Let’s compare CBT with NLP and see the sameness or differences.
What came first the chicken of the egg? We may not have time to return the whole philosophy of Genesis, yet we can look at CBT vs NLP!
Recently, I was confronted by a statement that almost had me veer from my NOW State and had me thinking that the map was, in fact, the territory. I was having what I thought was a pleasant conversation with a psychologist colleague. As I was regaling them with tales of my new found passion and venture into the exciting world of NLP. They bluntly looked at me and said “…isn’t NLP just CBT?” For a moment I was stripped of my NOW and I felt the warm rise of retaliation springing forth. They smiled, looked at me paused and said, “tell me more”. Rarely, if ever, do I think of interactions as a competition, but if I did it would be NLP 1 – 0, but who is counting? Thus I felt moved to put forth an article in which I try and briefly highlight some of the similarities, origins and differences of NLP and CBT, so buckle up.
CBT (Cognitive Behavioural Therapy) was birthed and informed by the BT (Behavioural Therapy) movement, which in itself was a departure from the more traditional Freudian Psychoanalysis.
Many went as far as labelling BT as a radical shift and a rebellion against prevalent accepted Psychoanalytic therapy of the day. In essence BT focuses on specific learned behaviours (predominantly in animals) and how the environment influenced these behaviours. This concept of pure associative learning was abandoned as the argument arose that conditioning in humans was neither direct nor automatic. Animal conditioning models (like Pavlov’s dogs) were informative but inadequate in explaining human learning. In fact it was created by many factors like verbal and cognitive abilities, attention and how linguistic representations were constructed.
This new fusion of behavioural and cognitive approaches gave rise to CBT. Albert Bandura highlighted that CBT underlined that humans are thinking beings that are capable of organizing their behaviours and adapting to various circumstances. Notwithstanding this, BT and CBT still position themselves as clinical and empirical approaches that can be replicated in laboratory environments.
This desire to label CBT as an empirical and reproducible science adds to its rather cold and harsh feel at times and remains my most recurring critique.

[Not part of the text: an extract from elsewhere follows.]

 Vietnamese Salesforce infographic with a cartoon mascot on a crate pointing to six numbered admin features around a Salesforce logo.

That being said, CBT is also a short-term solution focused model, focusing on changing patterns of thinking or the behaviour that perpetuates the client’s difficulties.

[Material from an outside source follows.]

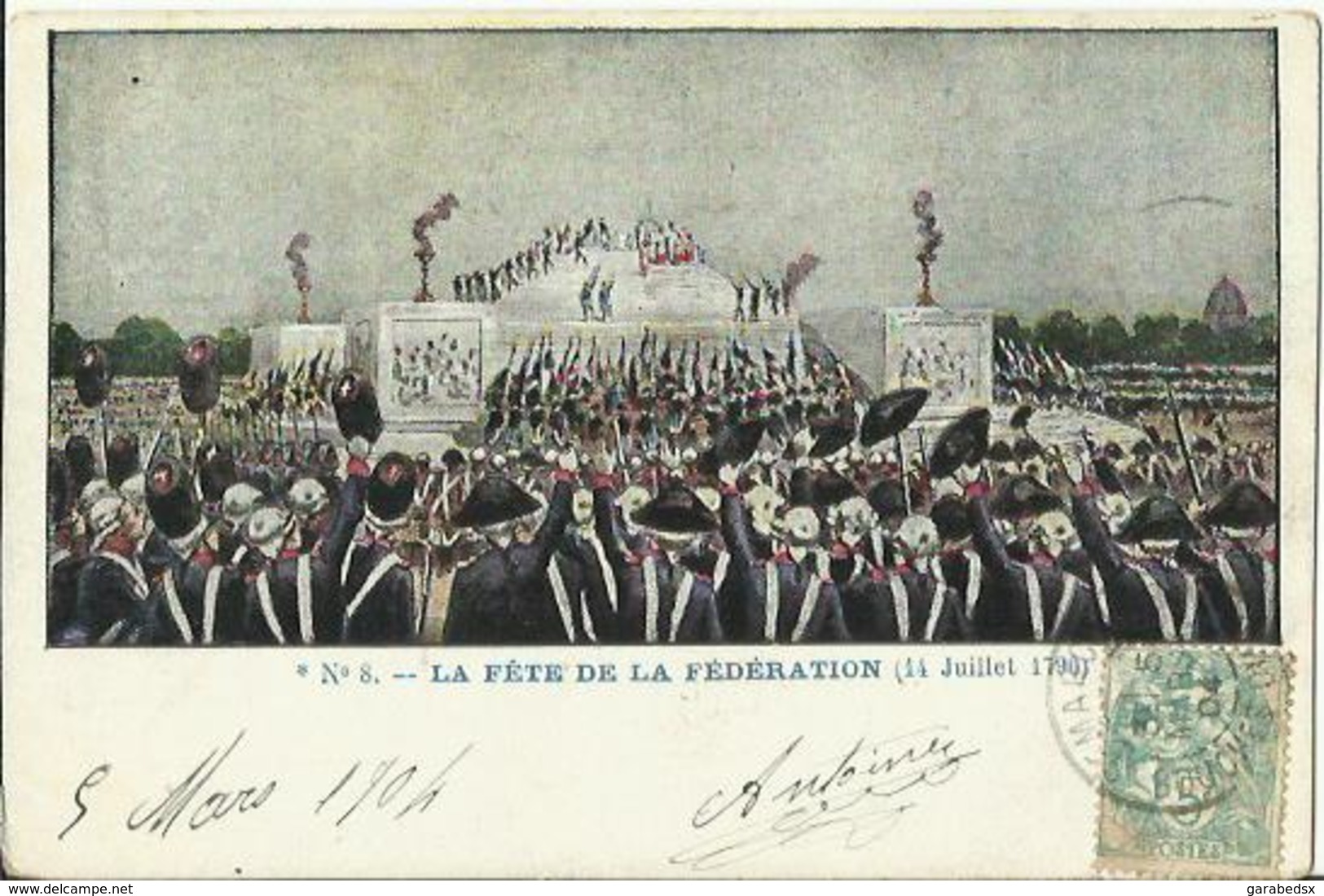 CPA Illustrée - La Fête De La Fédération (14 Juillet 1790) (N°8). - Histoire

Enter NLP, as it is somewhat based on CBT’s solution focused outcomes. NLP and CBT focus on clearly highlighting desired outcomes and goals, amplifying strengths and resources, possible solutions, highlighting feedback, strengthening what works, if something does not work change it, etc. Added to this, NLP highlights the value of being in a resourceful state both physiologically, emotionally and neurologically and makes use of all sensory representation systems. This reduces the bias of using predominantly verbal processing as found in solution-focused therapies.

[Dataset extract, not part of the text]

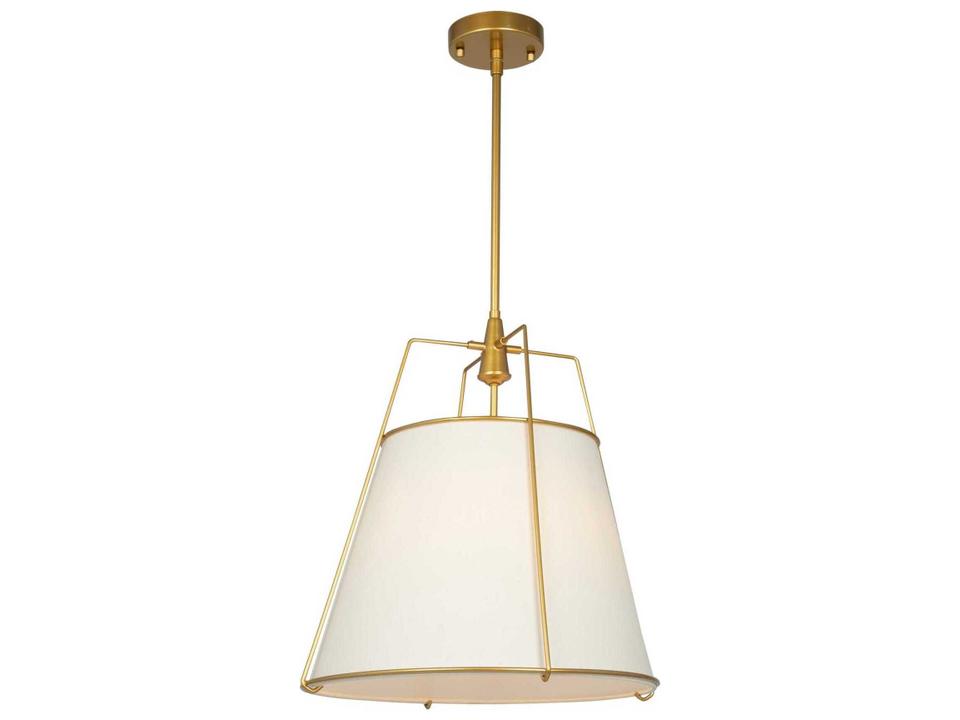 Pullman 3-Light Drum Pendant Light in Brass with Cream Linen Shades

Then came the cognitive theorists highlighting that thoughts are primary in driving the human experience. Going on to state that thoughts are experienced as words, self-talk and beliefs. This in turn will impact how we feel/experiences the world which in turn will effect how we behave/interact with our environment. This use of cognitive re-framing and challenging clients internal dialogue is central to NLP.
It is here that NLP begins to depart from CBT oriented approaches and finds its home closer to the more philosophically located approaches. In fact some theorists posit that NLP has been influenced by many disciplines but none as much as the cybernetic epistemology. In short, cybernetic epistemology is the use of calibrating behaviour and then getting feedback from the client.
As we move swiftly on to the 1990’s neuroscience began providing detailed evidence of the complex neural feedback loops highlighting the partnerships between so-called cognitive process and the process labelled emotional experiences. Ultimately bringing to light what many already knew and called the mind-body-emotion connection. Giving more and more credence to NLP’s use of all sensory representational systems.
Now as you know NLP does not stop there, however, its interplay and comparison with its CBT origins do.
As I draw to a close I shall again state that NLP is a relationship-based approach. I have come to learn that healing can only occur in a relationship and NLP has all the tools needed to facilitate and foster the healing relationship. Added to this NLP draws on many well-established approaches that have stood the test of time, as it lives by its own presupposition of requisite variety.
In closing what I truly enjoy most about NLP is its reluctance to have to prove to the scientific world and community that it brings about lasting change. This of course is built upon the client’s authentic desire to bring about change and a practitioner willing to walk the journey alongside them. But mostly it has facilitated me in my own journey of growth and deeper introspection and for that alone I shall be eternally grateful.
As Ghandi reminds me daily
“be the change you want to see in the world”
I trust that through my actions and vibration I shall highlight to the world that everyone has all the resources they need to achieve anything they dedicate their time too.